Semseg batchgen¶
This is a transcription of nnUnet’s batch generator that has the same API as a dataloader.
Note
This code use the library batchgenerators that is not a part of Biom3d’s dependencies. You’ll have to install it separatly.
Dataloader with batch_generator. Follow the nnUNet augmentation pipeline.

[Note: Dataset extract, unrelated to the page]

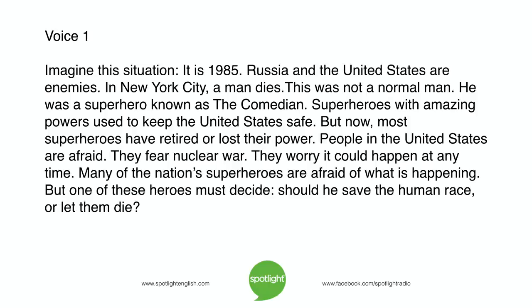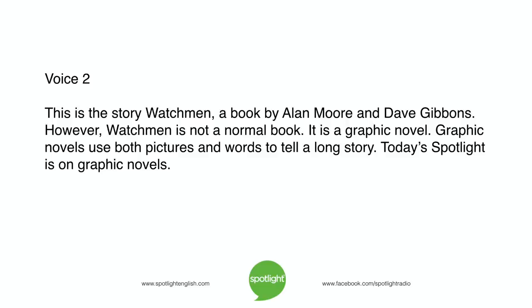Many of the nation's superheroes are afraid of what is happening. But one of these heroes must decide: should he save the human race? This is the story Watchmen, a book by Alan Moore and Dave Gibbons. Watchmen is not a normal book. It is a graphic novel. Graphic novels use both pictures and words to tell a long story. Today's Spotlight is on graphic novels.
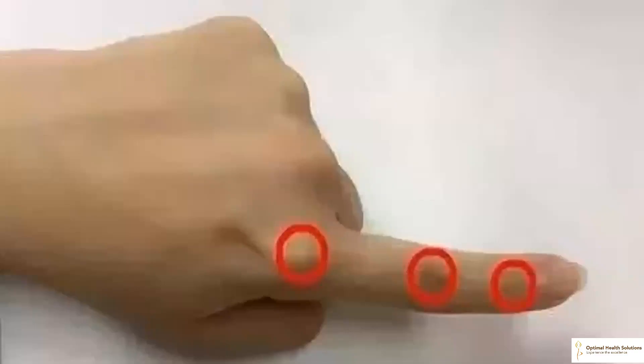Rubbing the index fingers of both hands helps regulate menstruation for women. Menstrual cramps are one of the most common symptoms for women, which affect the quality of life of a female. Menstrual cramps are often accompanied by nausea, cold sweat, fatigue and other symptoms. You can effectively alleviate these symptoms by pinching the three joints of the index fingers of both hands. It is best to start before the onset of menstruation.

- class biom3d.datasets.semseg_batchgen.BatchGenDataLoader(*args: Any, **kwargs: Any)[source]¶
Similar as torchio.SubjectsDataset but can be use with an unlimited amount of steps.
- Variables:
img_path (str) – Path to collection containing the images.
msk_path (str) – Path to collection containing the masks.
fg_path (str | None) – Path to collection containing foreground information.
batch_size (int) – Size of the batches.
nbof_steps (int) – Number of steps per epoch.
indices (numpy.ndarray) – A array of unsigned int representing the possibles index for images.
current_position (int) – Index of the actual image.
was_initialized (bool) – If the batch generator was initialized, used for safeguarding.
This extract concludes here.